It Only Hurts For A Little While

Just ask Cincinnati or any number of other college football have-nots who, week after week, are willing to serve as fodder for powerhouses like Miami and Penn State, most of whom have discovered that a prerequisite for a trip to the top of the polls—and into a major bowl game—is a cream-puff schedule

Taken a look around college football lately? It's 100 people standing in an elevator trying not to make eye contact. Everybody wants to go 11-0, but nobody wants to play anybody to do it. Florida just announced that, starting in 1988, it will no longer play Miami every year. Miami just announced that, besides tangling with Cincinnati, East Carolina, Miami of Ohio and Northern Illinois next season, it will take on always-dangerous Toledo.

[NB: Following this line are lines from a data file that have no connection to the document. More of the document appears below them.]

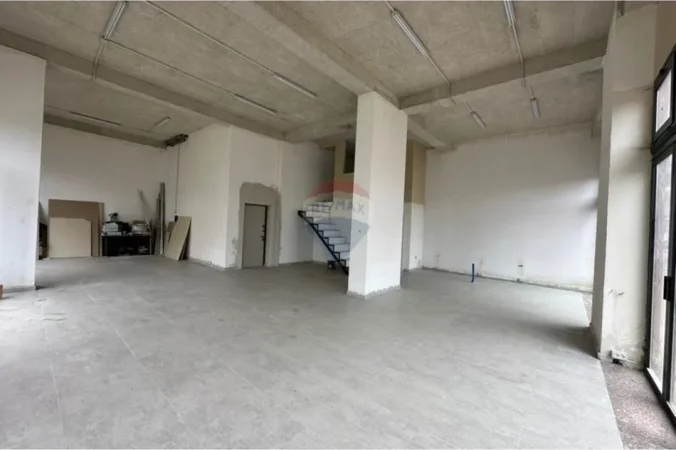 Tirane, jepet me qera dyqan , 130 m² 1.200 € (Rruga Dritan Hoxha, Tiranë)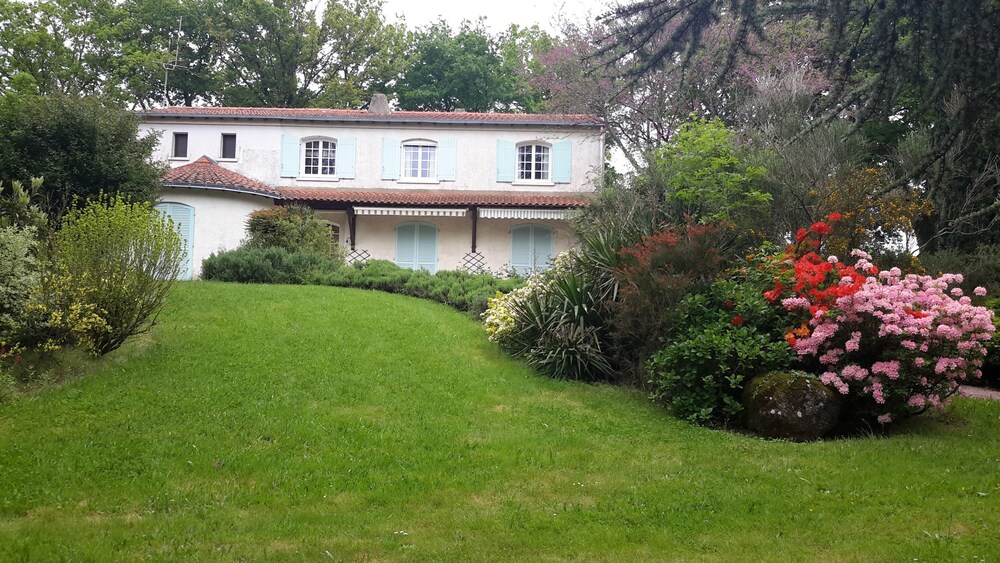 Domaine de la Petite Salamandre — hotel in Saint-Mesmin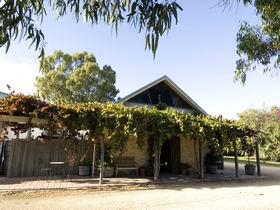 Lake Breeze Wines - Hotel VIC 0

That's only a little scarier than the menu the Hurricanes are serving up for Vinny Testaverde this fall—six varsity games and five J.V.'s, including last Saturday's 34-point underdog, Tulsa.

Georgia Tech canceled its annual games with Auburn and Tennessee, and the Auburn game goes back to 1892. This fall Penn State played a six-game exhibition schedule, including Rutgers, Cincinnati and East Carolina, before it opened the season with Alabama on Oct. 25. The Nittany Lions made room on their schedule for those first six teams by canceling a date with Auburn. Luckily, the Lions still were able to keep next year's opener, Bowling Green.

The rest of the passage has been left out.